WALLY’S WORLD: Birthdays and aging are growing old now

In the first issue of the millennium, Time magazine chose Albert Einstein as the Person of the Century.

By Wally DuChateau

In the first issue of the millennium, Time magazine chose Albert Einstein as the Person of the Century. The editors also built a case for politicians and World War II leaders Winston Churchill and President Franklin Roosevelt, but eventually decided the Princeton mathematician was more influential in the long haul.

No doubt about it. Einstein’s revolutionary ideas turned science upside down and ultimately explained everything from e-mail to the nature of the universe.

Of course, his version of Tensor algebra is pretty complex stuff. No more than five or 10 people in the entire world fully understand his algebraic models. Yet, his general ideas are easily reduced to layman’s terms.

Einstein himself offered simple examples of the relativity of time. To an observer, the intimate kiss shared by two lovers lasts less than 15 seconds, but to the lovers it may seem like a minute or more. Then there’s the suggestion that the famous “New York minute” is somehow shorter than a regular minute. And who among us hasn’t fallen asleep for what seems like a few minutes, only to discover an hour has passed?

When we were children, time didn’t really exist at all.
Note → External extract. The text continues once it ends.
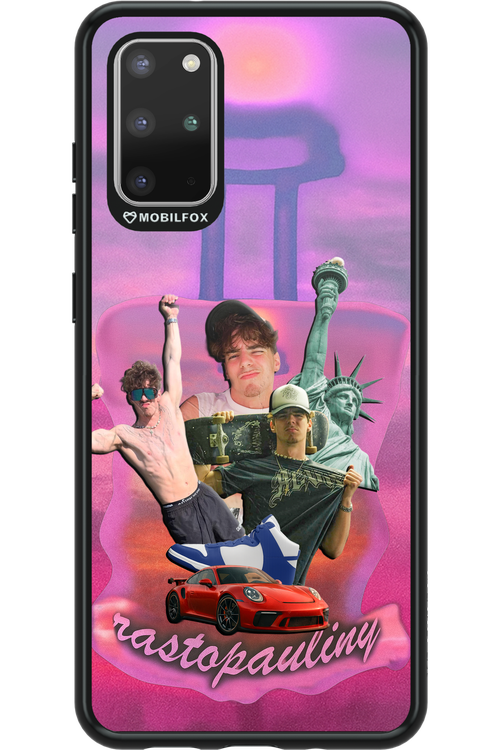 Urban Rockstar - Samsung Galaxy S20+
We celebrated our birthdays and our physical growth, but somehow we didn’t fully comprehend the passage of time. Each day simply existed. And then another.
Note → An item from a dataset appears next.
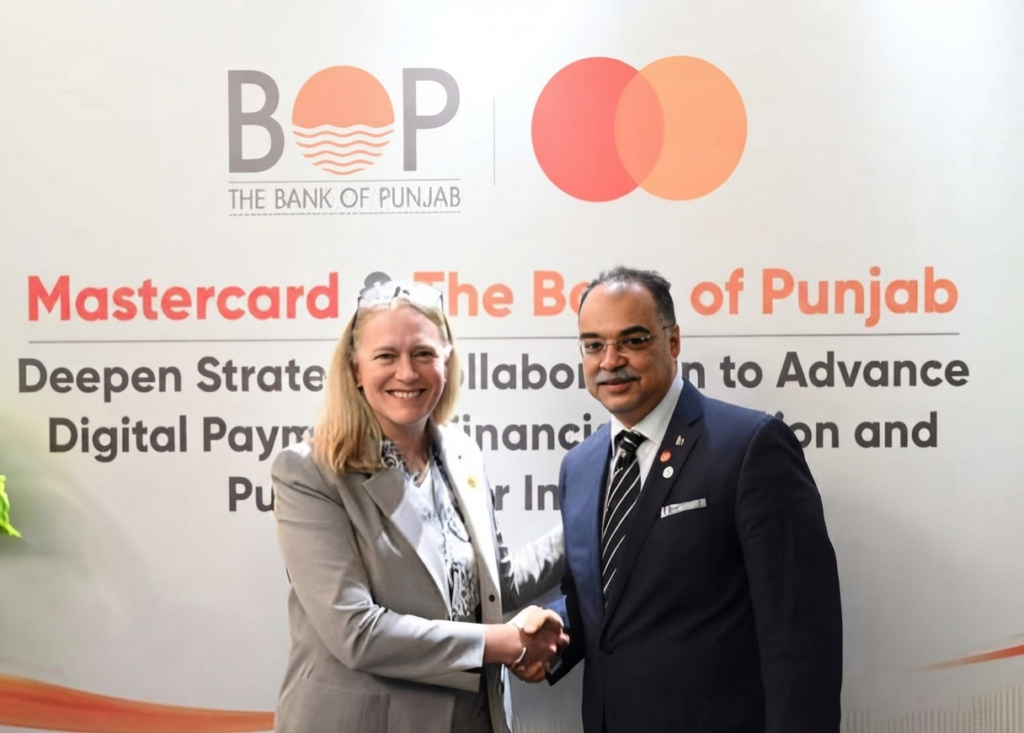 Mastercard and BOP Expand Strategic Collaboration to Support Pakistan’s Cashless Economy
It seems to me, time takes on real substance during puberty, when we have plenty of it; that is, we realize we could die in a car wreck any night but, generally speaking, we feel that will happen to the other kid and we’ll live for another 80 years – an “eternity” from now. However, from that point on as we mature into adulthood, we pause occasionally and wonder where time has gone and how quickly it passed.

In other words, time appears to be relative to our age.
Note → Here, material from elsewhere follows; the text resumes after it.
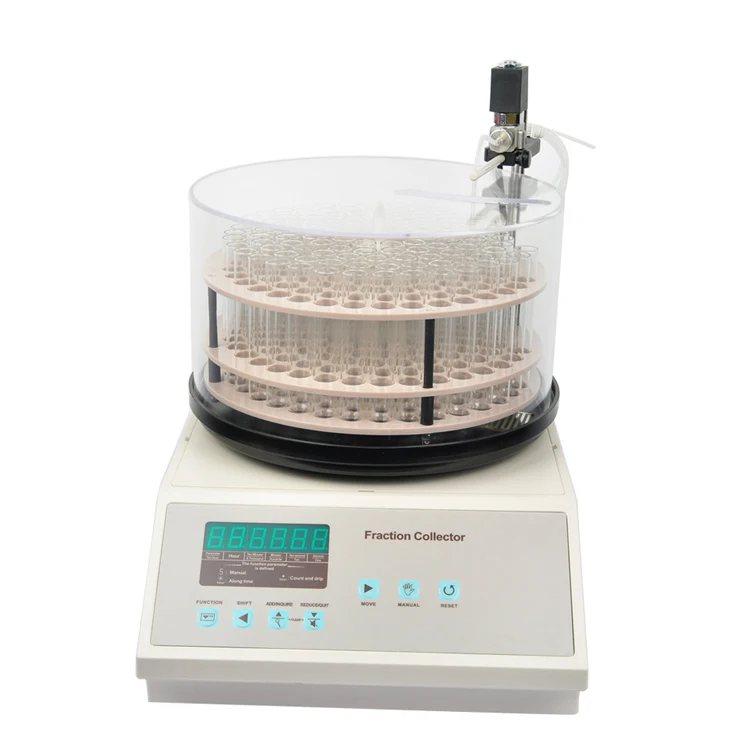 100pcs 12ml Lab Equipment Digital Automatic Sample Fraction Collector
Well, boys and girls, it was my birthday yesterday. And what a splendid occasion it was.

It produced one of those existential “pauses” I just mentioned. At certain points in my life, I could double my age and still plan to be alive. At age 40 I could imagine being 80 years old. At 50, I could even imagine being 100, though that was probably a stretch.

But I can’t do that any more. Alas, I’m on the downhill grade.

Looking back over my life thus far, I find it’s passed in a split second. Though the immediate present is infinite, in all its wondrous glory, what time I have left will surely be gone in the blink of an eye.

As both Einstein and Willie Nelson so astutely observed, that’s the funny thing about life and time. So it goes.